→ **Directions**
Please write out the lines of the data exactly, beginning with the first and ending with the line containing "Then we have"; leave the pictures behind.

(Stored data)

★ ★ ★ ★

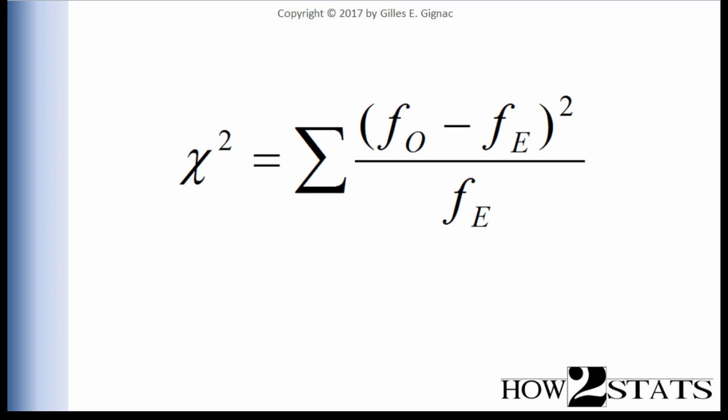The purpose of this video is to walk you through the calculations associated with conducting a 2x2 Pearson Chi-Square analysis. The example I'm going to use is the handedness and dyslexia data.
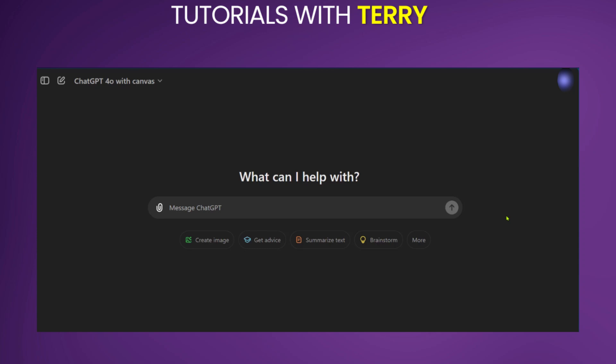Hello, guys. In this tutorial, we're going to be showing you how to use ChatGPT Canvas. We're going to be using one example, but first you need to make sure that you're on ChatGPT for all with Canvas.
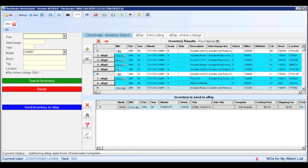Our Checkmate Listing Manager for eBay tool allows you to list many parts on eBay at once with just the click of a button. eBay gives you the opportunity to sell parts that may not sell frequently in your yard.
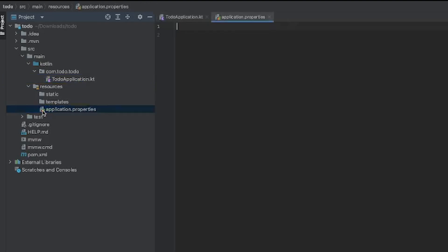Then we have application.properties, which we'll be using later on. It stores all our configuration variables — so if we need to store our database password and username, or our JWT secrets, this is where we'll store them. We can retrieve those variables from this file in our main application. As the name implies, application.properties is where we store property variables for our application.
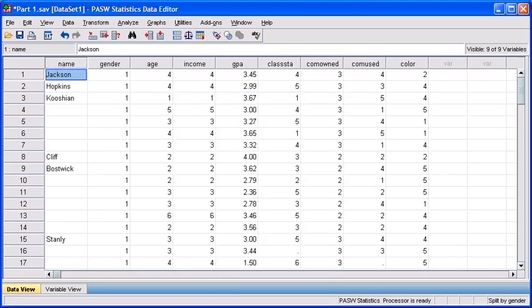If you take a look at our eighth case, you'll see that Clinton has been replaced with Cliff.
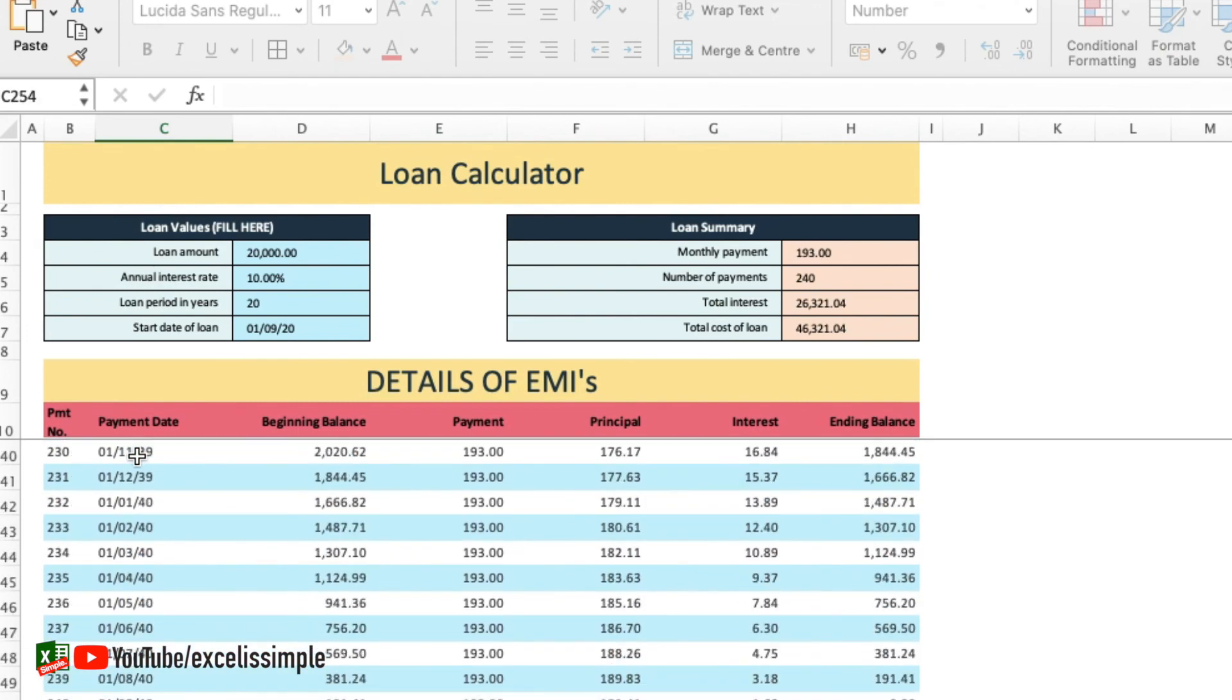I also made this loan calculator template available for you. A link for downloading this particular spreadsheet template is available in the description section. Please feel free to download it from there.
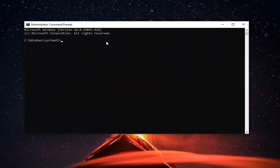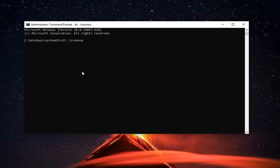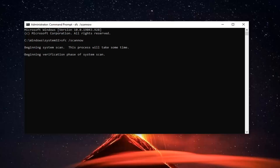And now into this elevated command line window you want to type in SFC followed by a space forward slash scannow. Scannow should all be one word attached to that forward slash out front. So again SFC space forward slash scannow. Hit enter on the keyboard to begin the system scan. This will take some time to run, please be patient.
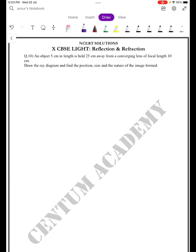An object 5 centimeters in length is held 25 centimeters away from a converging lens. A converging lens is equal to a convex lens.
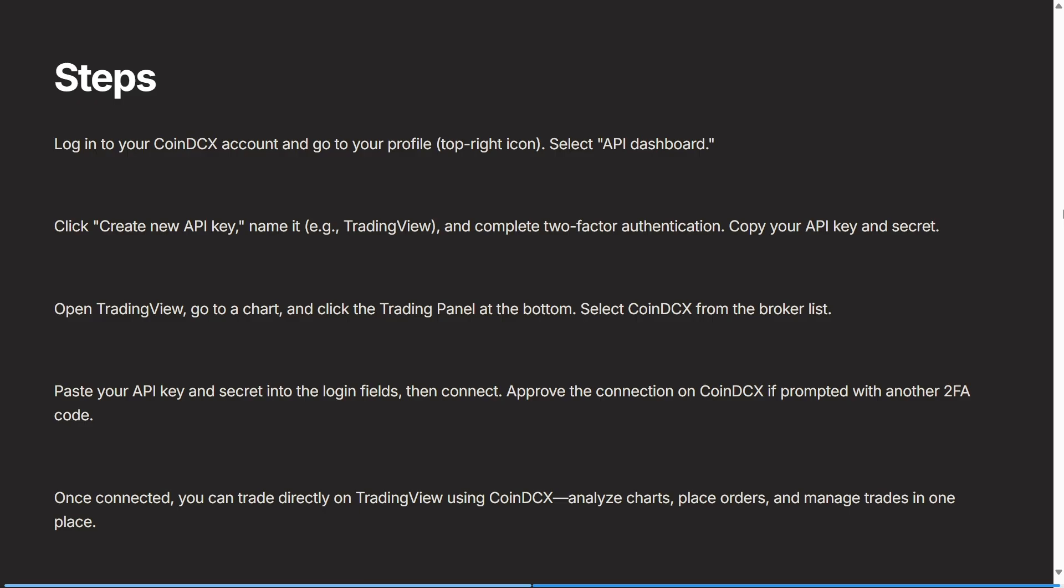TradingView. You can either do this on your mobile device or on your desktop. You can go to a chart and then click the trading panel on the bottom of the chart. You can then select CoinDCX from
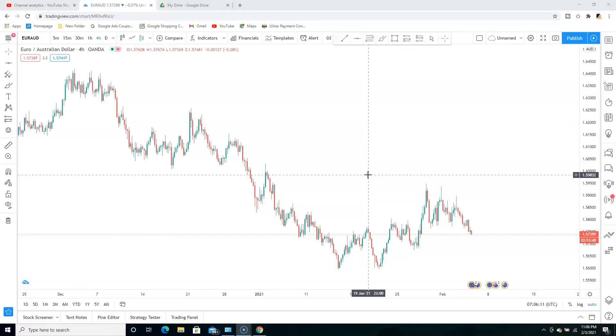Welcome back to my channel. In this video I'm going to be showing you guys how to use the 200 EMA moving average strategy. If this is your first time on my channel, make sure you like this video, smash that subscribe button, and turn on the bell notification so you don't miss any of my future videos. Without further ado, let's jump right on the computer and get this video started.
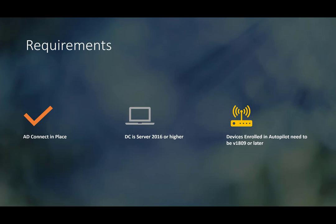Some requirements you'll need set up before you can do this — which I'm not covering in this video — include having Azure Active Directory Connect already in place with the basic sync done. We'll be running through the wizard again to configure additional settings. The DC itself has to be Windows Server 2016 or higher, and devices enrolled into Autopilot need to be on Windows 10 version 1809 or later.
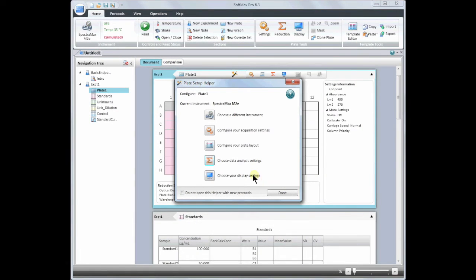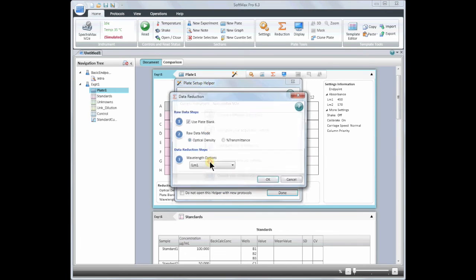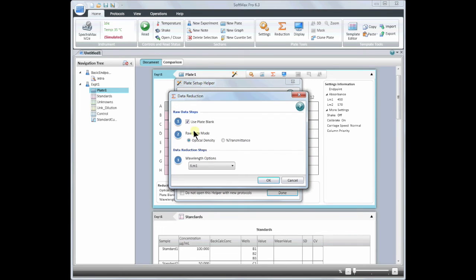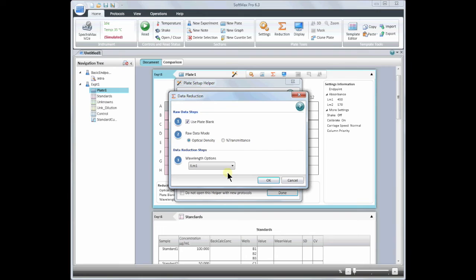Next we will choose data analysis settings. Here you can decide whether or not to apply the plate blank, change your raw data mode, or change your wavelength options. In this example, I am reading at two different wavelengths.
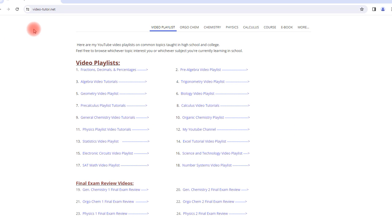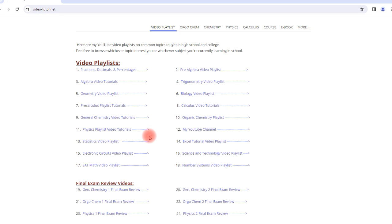Today I'm going to talk about my website video-tutor.net. So for those of you who might be studying chemistry, physics, or math, you can access my playlists at this website.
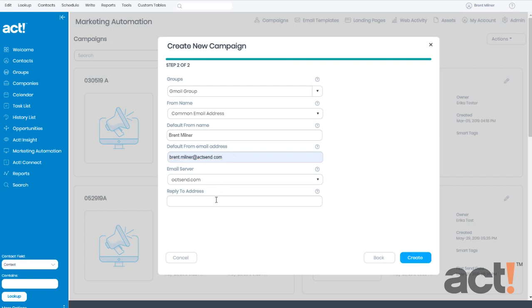Finally, the Reply To address is where any replies will be sent. It's a good idea to use an email address that someone at your company monitors.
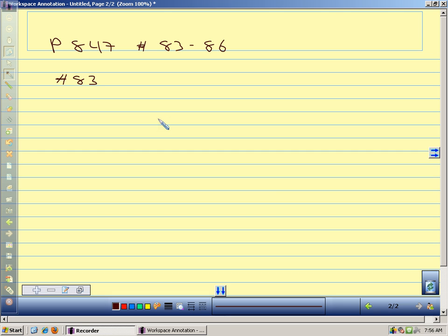Are we on page 847? So we want to figure out true or false for these. If it's true, give an explanation; if it's false, give a counterexample. Number 83 says: a particle moving on a sphere centered at the origin — the derivative vector is tangent to the sphere. So we have a particle moving on a sphere, and the question is: is the derivative vector tangent to the sphere at any point?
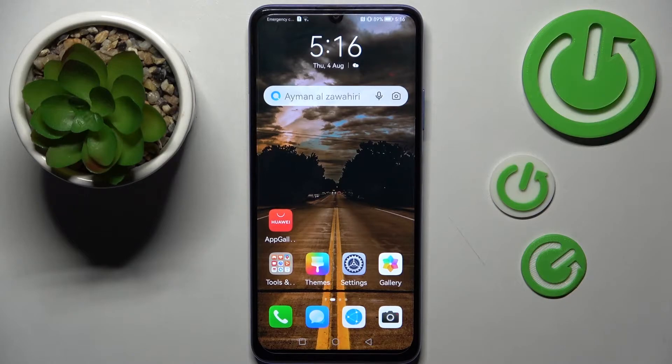Hi, in front of me is the Huawei Nova Y70, and today I would like to show you how you can rename it.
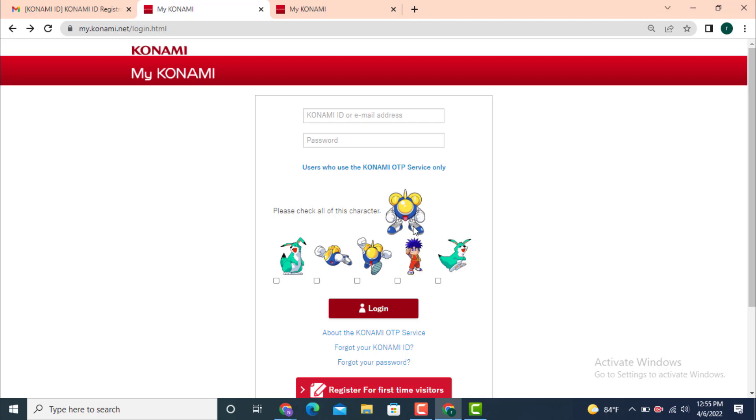In order to login, first you need to enter your email and password. Now enter your email. On the password option, just leave it blank and go down.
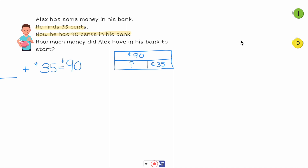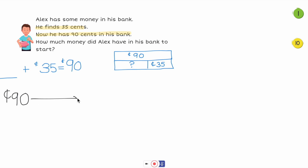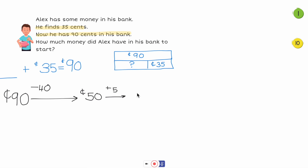Let's solve this with the arrow method — we haven't done that in a while. I'm going to start with 90 cents and subtract 35. My benchmark number is 40, so 90 minus 40 equals 50 cents. But I subtracted too much — I only needed to subtract 35, not 40. So I can add 5 back in, which gives me 55 cents.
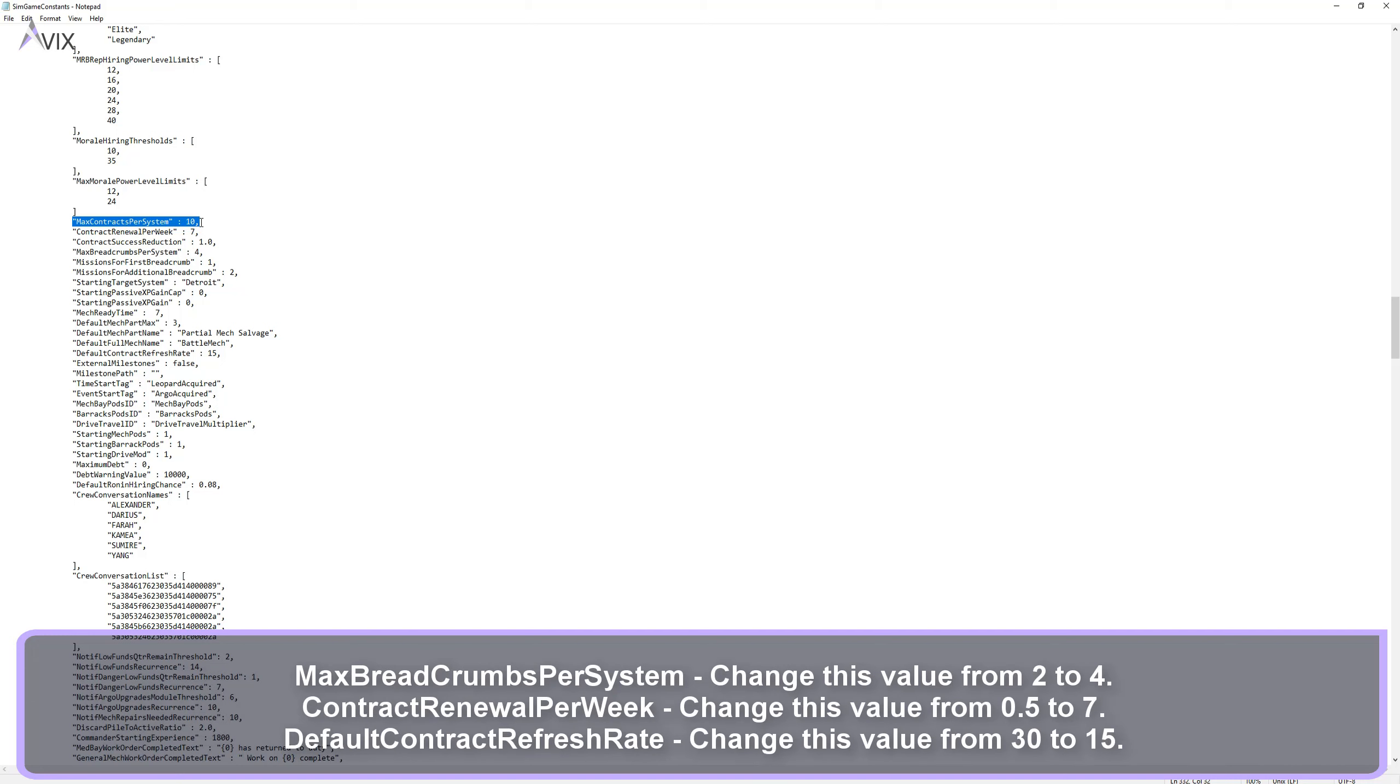Max breadcrumbs per system. Change this value from 2 to 4. Contract renewal per week. Change this value from 0.5 to 7. Default contract refresh rate. Change this value from 30 to 15.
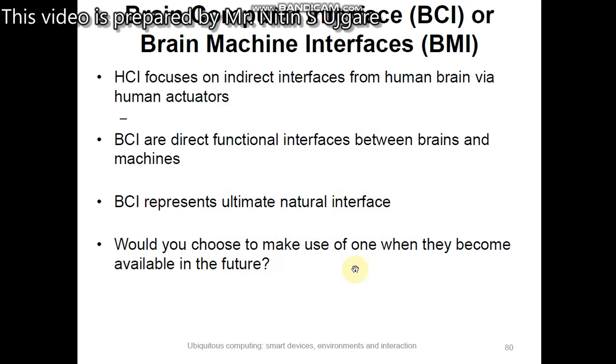In this slide we are going to learn about the brain-computer interface, which is typically called the brain-machine interface.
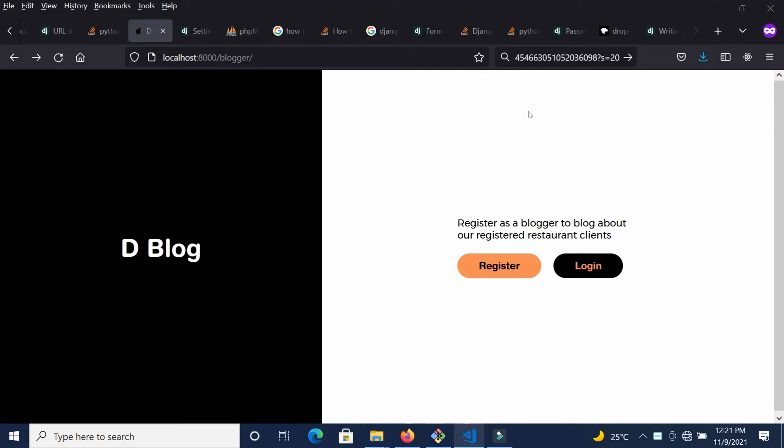Hello everyone, good afternoon. My name is Mustafa Mohamed Boucher and in today's tutorial, I'm going to show you how we can write a simple function in JavaScript to check whether or not an input is actually a valid email.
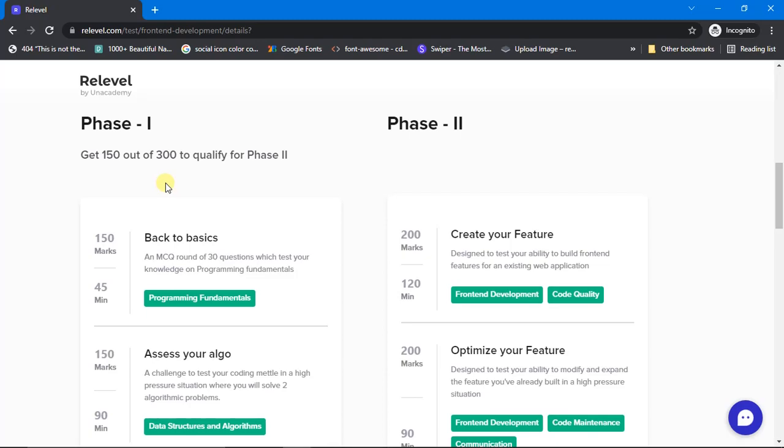The 50 marks which are reduced here are added to the 'Optimize Your Feature' round. That means you can score 50 more marks if you are good at development.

★ ★ ★ ★

→ **Your solution**
The purpose of this video is to walk you through the calculations associated with conducting a 2x2 Pearson Chi-Square analysis. The example I'm going to use is the handedness and dyslexia data.
Hello, guys. In this tutorial, we're going to be showing you how to use ChatGPT Canvas. We're going to be using one example, but first you need to make sure that you're on ChatGPT for all with Canvas.
Our Checkmate Listing Manager for eBay tool allows you to list many parts on eBay at once with just the click of a button. eBay gives you the opportunity to sell parts that may not sell frequently in your yard.
Then we have application.properties, which we'll be using later on. It stores all our configuration variables — so if we need to store our database password and username, or our JWT secrets, this is where we'll store them. We can retrieve those variables from this file in our main application. As the name implies, application.properties is where we store property variables for our application.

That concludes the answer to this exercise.